Les efforts de rétablissement ont commencé en 2022, lorsque des drones financés par le programme BEST 2.0+ ont éradiqué les rats de l’île. Après que Kamaka a été déclarée exempte de rats en 2023, des équipes de la Société ornithologique polynésienne (SOP Manu) et d’Island Conservation ont mis en œuvre des stratégies pour attirer les océanites à gorge blanche. En mars 2024, des systèmes audio alimentés à l’énergie solaire, conçus par Eric VanderWerf de Pacific Rim Conservation, ont commencé à diffuser des enregistrements de cris de pétrels à travers l’île. Des caméras déclenchées par le mouvement et des terriers artificiels ont également été installés en prévision du retour des oiseaux.

En avril, des océanites à gorge blanche de Polynésie ont été aperçues sur l’île. En juin, elles sont devenues des visiteuses régulières, explorant les nichoirs installés dans des habitats propices.

« Les résultats ont été immédiats », a déclaré Thomas Ghestemme, de SOP Manu. « Les océanites à gorge blanche de Polynésie ont commencé à arriver au début de la saison de nidification et sont devenus des visiteurs réguliers. »

Kamaka abrite désormais six espèces d’oiseaux marins reproducteurs, et le pétrel de Tahiti (Pseudobulweria rostrata), espèce quasi menacée, pourrait bientôt les rejoindre.
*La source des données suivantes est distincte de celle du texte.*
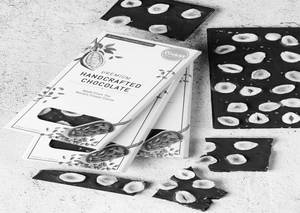 Hazelnut & Toasted Sea Salt Chocolate Bar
Les données enregistrées par les caméras suggèrent qu’au moins cinq océanites à gorge blanche de Polynésie explorent le site, bien qu’aucune nidification n’ait encore été confirmée.
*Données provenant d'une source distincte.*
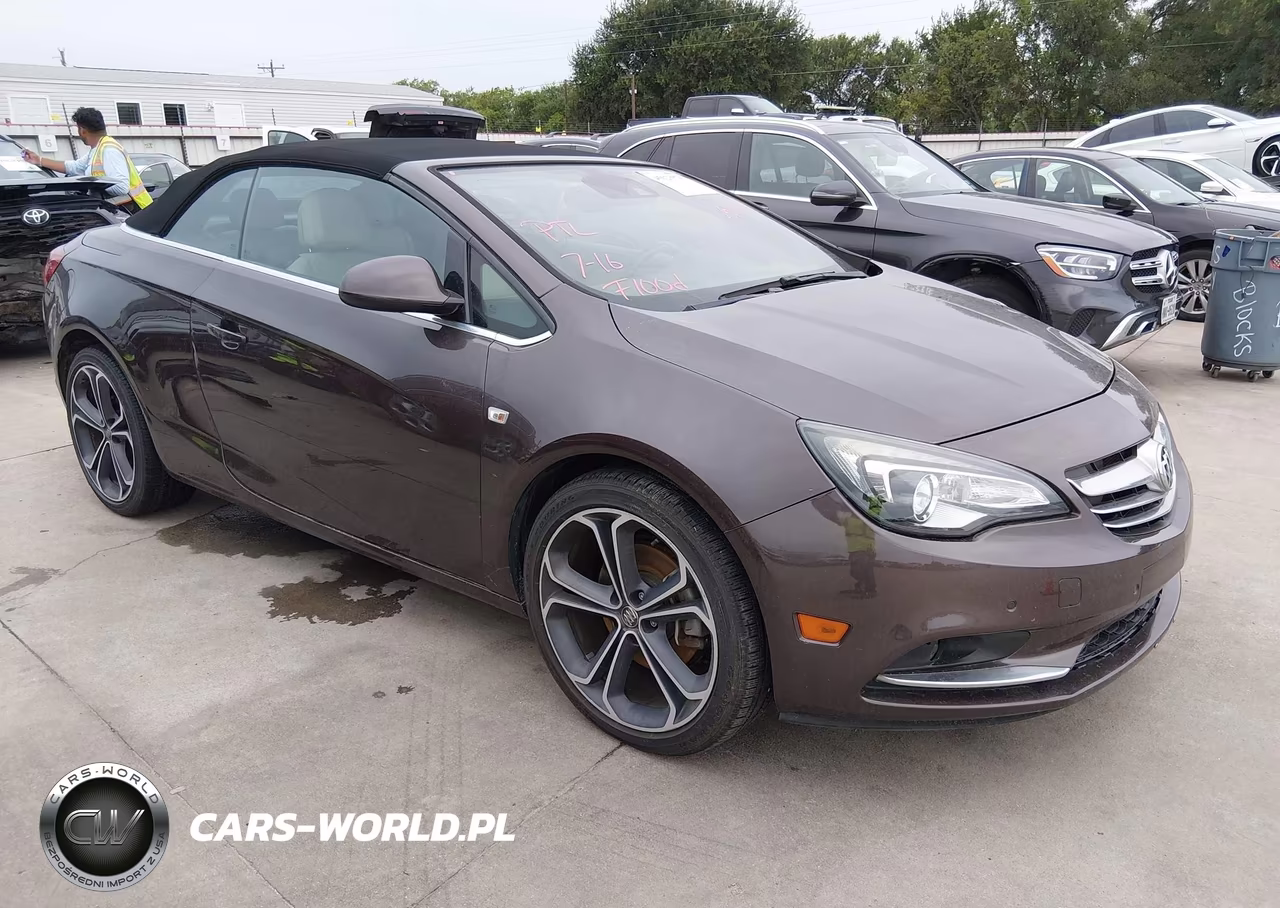 2016 Buick Cascada Premium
Au-delà du rétablissement des populations d’oiseaux marins, les propriétaires fonciers locaux signalent des avantages écologiques plus larges. L’essor démographique des oiseaux marins contribue à améliorer la fertilité des sols, ce qui favorise à son tour la santé des cultures.

« Les oiseaux marins apportent des nutriments essentiels provenant de l’océan, ce qui profite aux poissons, aux coraux et à l’ensemble de l’écosystème », a déclaré Tehotu Reasin, propriétaire foncier de l’île de Kamaka. « Ces progrès remarquables nous donnent un réel espoir. »
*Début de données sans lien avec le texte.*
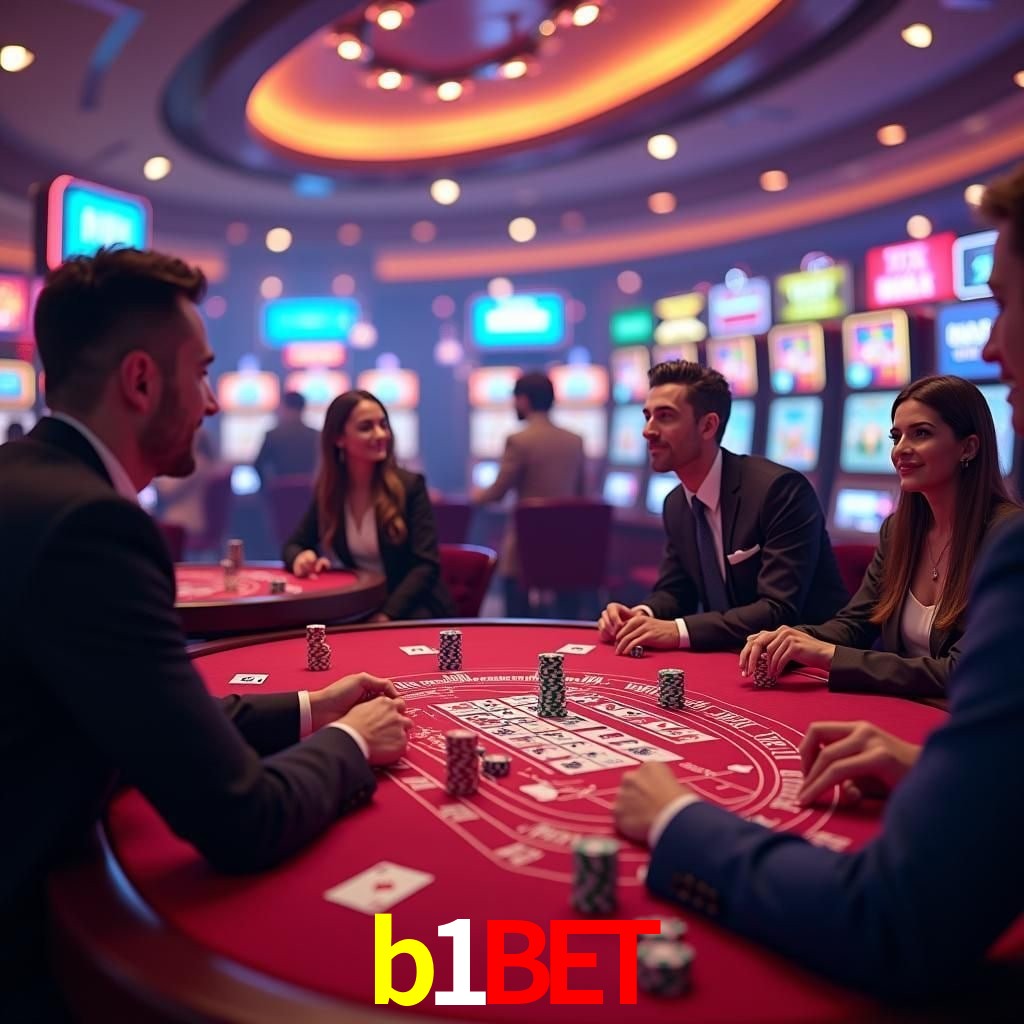 Provedores de Jogos b1bet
Un modèle de partenariat à travers la Polynésie française

Le succès de la restauration de Kamaka reflète la puissance de la conservation collaborative, un thème célébré lors d’un événement récent organisé par SOP Manu dans le cadre de son initiative Life Stop Extinction, cofinancée par le programme LIFE de l’Union européenne.

Organisé dans le Village des associations, cet événement a présenté d’importants projets de restauration, dont deux initiatives soutenues par le programme BESTLIFE2030 :

  • Restauration écologique d’une nouvelle zone du plateau de Te Mehani Rahi (île de Raiatea), menée par l’association Tuihana.
  • Conservation de la forêt naturelle de Maraeti‘a – Restauration de la végétation du plateau, dirigée par l’association Te Rau Atiati a Tau a Hiti Noa Tu.

Des centaines de participants ont échangé avec des professionnels de la conservation afin de découvrir l’impact direct des efforts de restauration locaux et l’importance de préserver la biodiversité indigène.

En associant l’action communautaire au financement et au soutien internationaux en matière de conservation, ces projets soulignent l’importance du partenariat dans la lutte contre la perte de biodiversité.

Avec le retour des océanites à gorge blanche de Polynésie et l’accélération des efforts de restauration, l’île de Kamaka et la Polynésie française dans son ensemble offrent un exemple frappant de la résilience de la nature et de l’impact d’une conservation déterminée et coopérative.